Tags:
, view all tags

Glue2 support in CREAM

CREAM CE provided with EMI-1 provides some initial support for glue2, that needs to be finalized

1 Introduction

The Glue 2.0 specification document is available here.

The Glue 2.0 specification can also be found here.

The GLUE v. 2.0 – Reference Implementation of an LDAP Schema document can be found here.

Glue 2.0 schema in SVN

2 Target scenario

2.1 Objectclasses

This section reports the most significant information concerning the implementation of the Glue 2 objectclasses wrt the CREAM CE

2.1.1 ComputingService

  • GLUE2ServiceID is the value ComputingServiceId in /etc/glite-ce-glue2/glite-ce-glue2.conf. This value is the one specified by the yaim variable COMPUTING_SERVICE_ID, if specified (this variable is mandatory in cluster mode, see below). Otherwise it is ${CE_HOST}_ComputingElement
  • GLUE2EntityCreationTime is the timestamp when the ldif file was created
  • GLUE2EntityName is "Computing Service on <host>"
  • GLUE2EntityOtherInfo includes information concerning the info provider
  • GLUE2ServiceCapability is executionmanagement.jobexecution
  • GLUE2ServiceType is org.glite.ce.CREAM
  • GLUE2ServiceQualityLevel is production
  • GLUE2ServiceComplexity indicates the number of endpoints (2 or 3: one for CREAM, one for the RTEPublisher and one for CEMon, if deployed), the number of shares, and the number of resources (i.e. the number of Execution Environments)
  • GLUE2ServiceAdminDomainForeignKey is the value of SiteId in /etc/glite-ce-glue2/glite-ce-glue2.conf.
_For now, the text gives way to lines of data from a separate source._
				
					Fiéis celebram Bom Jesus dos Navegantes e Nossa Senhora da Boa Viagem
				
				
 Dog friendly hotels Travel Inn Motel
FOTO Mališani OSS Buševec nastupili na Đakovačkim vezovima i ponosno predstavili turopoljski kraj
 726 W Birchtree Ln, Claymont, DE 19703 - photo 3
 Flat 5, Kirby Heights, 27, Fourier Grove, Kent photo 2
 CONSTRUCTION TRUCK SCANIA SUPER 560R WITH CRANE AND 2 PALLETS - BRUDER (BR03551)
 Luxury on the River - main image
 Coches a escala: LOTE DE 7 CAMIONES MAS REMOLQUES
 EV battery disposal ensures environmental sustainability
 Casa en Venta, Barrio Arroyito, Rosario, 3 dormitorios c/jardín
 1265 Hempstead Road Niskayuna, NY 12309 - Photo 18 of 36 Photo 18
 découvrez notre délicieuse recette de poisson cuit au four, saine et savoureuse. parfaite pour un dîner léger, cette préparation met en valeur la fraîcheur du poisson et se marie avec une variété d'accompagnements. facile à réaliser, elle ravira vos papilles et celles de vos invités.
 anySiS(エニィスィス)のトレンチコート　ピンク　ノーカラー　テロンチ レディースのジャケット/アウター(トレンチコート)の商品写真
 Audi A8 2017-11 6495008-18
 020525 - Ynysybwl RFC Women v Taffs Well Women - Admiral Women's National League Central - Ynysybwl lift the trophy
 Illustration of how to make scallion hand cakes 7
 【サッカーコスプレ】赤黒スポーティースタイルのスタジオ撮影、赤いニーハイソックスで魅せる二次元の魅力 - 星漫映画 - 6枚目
This value is the one specified by the yaim variable SITE_NAME

2.1.2 ComputingEndpoint

  • GLUE2EndpointID is <hostname> + "_org.glite.ce.CREAM"
  • GLUE2EntityCreationTime is the timestamp when the ldif file was created
  • GLUE2EntityName is the EndPointId
  • GLUE2EntityOtherInfo includes the host DN, the EMI middleware version, and information concerning the info provider
  • GLUE2EndpointURL is the endpoint URL of the CREAM CE, that is: "https://" + <host> + "8443/ce-cream/services"
  • GLUE2EndpointCapability is executionmanagement.jobexecution
  • GLUE2EndpointTechnology is webservice
  • GLUE2EndpointInterfaceName is org.glite.ce.CREAM
  • GLUE2EndpointInterfaceVersion is read from the CREAM configuration file (attribute cream_interface_version)
  • GLUE2EndpointWSDL is got from the service itself, i.e. "https://" + <host> + ":8443/ce-cream/services/CREAM2?wsdl";
  • GLUE2EndpointSupportedProfile is http://www.ws-i.org/Profiles/BasicProfile-1.0.html
  • GLUE2EndpointSemantics is the link to the CREAM user guide
  • GLUE2EndpointImplementor is gLite
  • GLUE2EndpointImplementationName is CREAM
  • GLUE2EndpointImplementationVersion is read from the CREAM configuration file (attribute cream_service_version)
  • GLUE2EndpointQualityLevel=s is =production
  • GLUE2EndpointHealthState is unknown in the ldif static file; it is overwritten by the glite-ce-glue2-endpoint-dynamic plugin (which check the glite-info-service-test output and the status of the tomcat service)
  • GLUE2EndpointHealthStateInfo is N/A in the ldif static file; it is overwritten by the glite-ce-glue2-endpoint-dynamic plugin (which check the glite-info-service-test output)
  • GLUE2EndpointServingState
    • Now is a static value, read from /etc/glite-ce-glue2/glite-ce-glue2.conf (attribute ServingState). This value is the one specified by the yaim variable CREAM_CE_STATE
    • Target scenario: is a value provided by a dynamic plugin; it is checked if submissions are disabled (by the limiter, or explicitly by the admin). If so, it is published draining (see also http://savannah.cern.ch/bugs/?69854). Otherwise the value is read from /etc/glite-ce-glue2/glite-ce-glue2.conf (attribute ServingState), which is initially filled by yaim considering the yaim variable CREAM_CE_STATE. The admin can edit this file if he wants to publish a specific value without reconfiguring.
  • GLUE2EndpointIssuerCA is found with a "openssl x509 -issuer -noout -in" on the host certificate
  • GLUE2EndpointTrustedCA is IGTF
  • GLUE2EndpointDownTimeInfo is "See the GOC DB for downtimes: https://goc.egi.eu"
  • GLUE2ComputingEndpointStaging is staginginout
  • GLUE2ComputingEndpointJobDescription is glite:jdl
Todo: start time ?

2.1.2.1 Policy for the Computing EndPoint

For each ComputingEndpoint, there are as many as policies as the policy rules that must be defined

  • GLUE2EntityCreationTime is the timestamp when the ldif file was created
  • "GLUE2EntityName is "Access control rules for Endpoint EndPointId"
  • GLUE2EntityOtherInfo includes information concerning the info provider
  • GLUE2PolicyScheme is org.glite.standard
  • GLUE2PolicyRule is an element of ACBR in /etc/glite-ce-glue2/glite-ce-glue2.conf (e.g. VO:cms). It is ALL if there are no policies
  • GLUE2PolicyUserDomainForeignKey is an element of Owner in /etc/glite-ce-glue2/glite-ce-glue2.conf (e.g. cms)

2.1.3 ComputingShare

A ComputingShare corresponds to a Glue1 VOView.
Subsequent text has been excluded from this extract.